Driving Toward Clean Air at Our Nation’s Ports

This post was co-written with Carl Pope, executive director of the Sierra Club. NRDC and Sierra Club are members of the Coalition for Clean and Safe Ports, supporters of the clean truck program.

"Cancer alley."  That's what many Southern Californians call the 23-mile rail and truck corridor connecting our nation's largest seaport to massive distribution centers east of Downtown Los Angeles.  In California alone, diesel air pollution from ships, trucks and trains kills more than 3,700 people every year -- more than died in the 9-11 attacks.

Despite this stunning death-toll, the American Trucking Association is aggressively trying to dismantle a successful program adopted a year ago this month by the Port of Los Angeles that is well on its way to reducing diesel emissions from port trucks by 80 percent, and establishing a model that diesel-afflicted communities around the nation are beginning to follow.

California's diesel body count may be highest, but concentrations of cancer, asthma and other diseases caused by air pollution occur wherever large amounts of cargo move by ship, truck and train.  The victims tend to be poor people of color who live or work alongside our ports, freeways and cargo hubs.  But toxic diesel smoke knows no boundaries.  It follows the wind, depositing carcinogenic particulate matter in the lungs of rich and poor alike.

By banning the oldest trucks outright, putting cleaner trucks on the road, and creating powerful rules to move cargo greenly, Los Angeles officials have removed 2,000 of the dirtiest rigs from service and helped business put nearly 6,000 clean-burning and alternative fuel trucks on the road.

The landmark clean truck program at the Port of Los Angeles sets the standard because it ensures that trucking companies that can afford to meet increasingly stringent environmental standards are responsible for clean-up, instead of independent truck drivers, who have been historically underpaid.  Under the program, trucking companies agree to meet environmental, safety, and security standards in exchange for access to port terminals.  

However, the trucking industry is spending millions of dollars to undermine this progress and the progress of like-minded ports nationwide that want to adopt clean-up plans.  In an ongoing lawsuit against the Port of Los Angeles, the trucking industry is trying to weaken the progressive clean truck program, arguing that the port has no authority to reform port trucking operations that occur on its own property or even cure inefficiencies that affect the bottom line.  Industry representatives go so far as to argue that the port should be barred from verifying whether trucks comply with clean air standards when entering port facilities.   

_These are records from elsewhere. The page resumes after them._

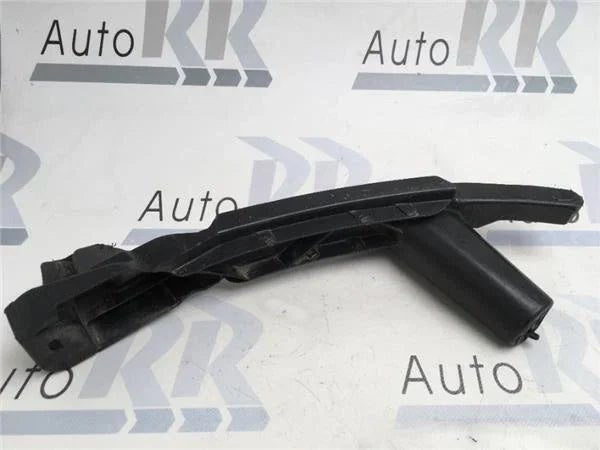 Soporte faro izquierdo VW Golf V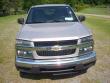 2005 Chevrolet Colorado LS dealer photo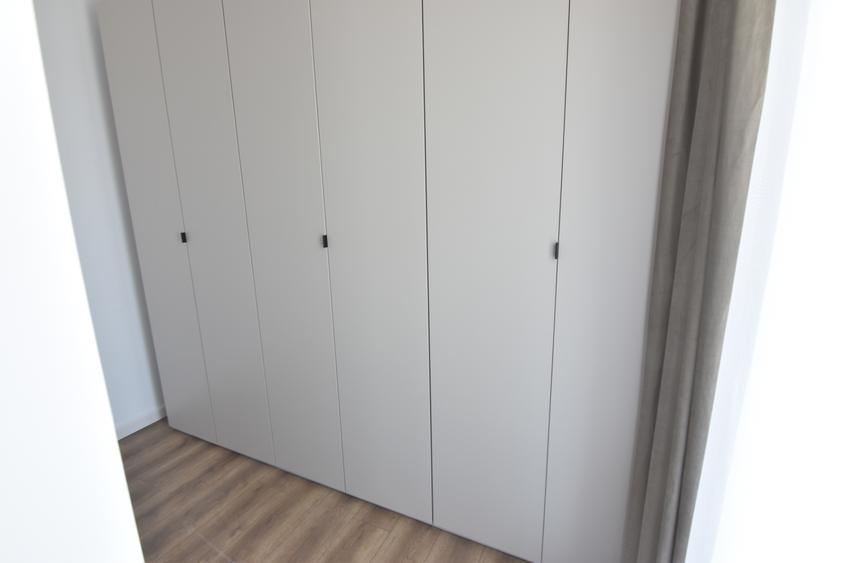 PENTHOUSE NOU: Apartament 3 camere, Prelungirea Ghencea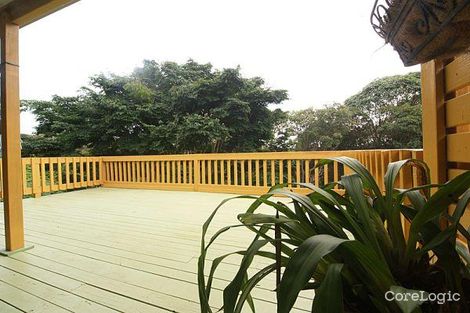 Property photo of 36 Hillcrest Avenue Tweed Heads South NSW 2486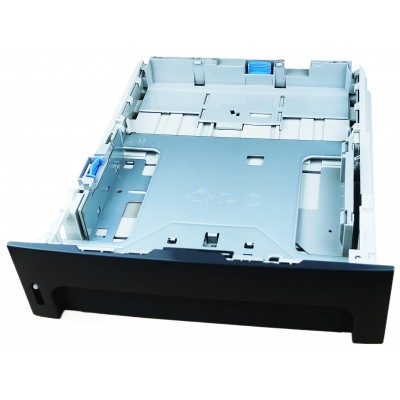 Лоток, кассета для бумаги HP LJ 1320 / 3390 / 3392 / 1160 / RM1-1322 Лоток, кассета для бумаги HP LJ 1320 / 3390 / 3392 / 1160 / RM1-1322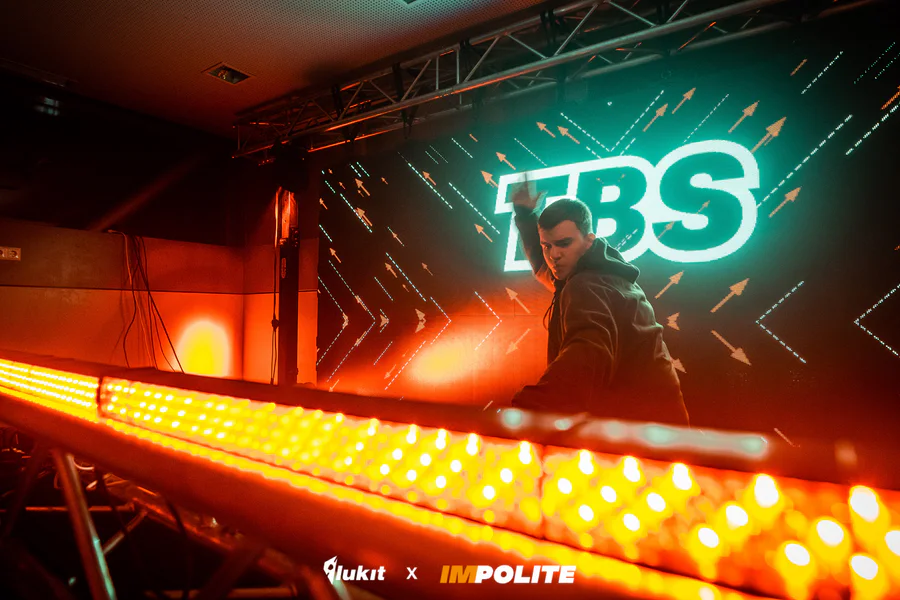 loadit! 2021 – Eventfoto 12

Municipal airports and privately-owned stadiums place conditions on those who want to do business there, increasing the odds that vendors operate safely and consistently provide a high level of service.  Ports should feel empowered to do the same.

The litigation by the trucking industry relies on obscure federal law that wasn't designed to restrict the right of local governments to protect their residents' health. That's why Congress should act now to clarify the right of states and municipalities to protect their citizens from the lethal byproduct of cargo transport.   

Los Angeles has survived these challenges so far, but the specter of intense litigation with the trucking industry may dissuade other ports and municipalities from pursuing similar programs to reduce diesel pollution and save lives. Mayors Bloomberg and Booker of the Ports of New York and Newark respectively, Mayor Ritter of the Port Everglades in Fort Lauderdale, Port of Oakland Mayor Dellums, and officials in Virginia, Charleston, Houston, and Tacoma know that unchecked diesel pollution degrades and shortens lives and causes tens of billions of dollars in health-related costs every year. They are all calling to regulate and reduce truck-produced pollution at their ports.

Our collective failure to protect the public from diesel pollution is a moral outrage and a shame on our nation.  Fortunately, the Obama Administration appreciates that Americans want and deserve clean air and the sustainable jobs that accompany it. In the case of Los Angeles, there's a proven track record of success. As we celebrate the program's first year, Congress should embrace this local green-growth model and take action to protect it.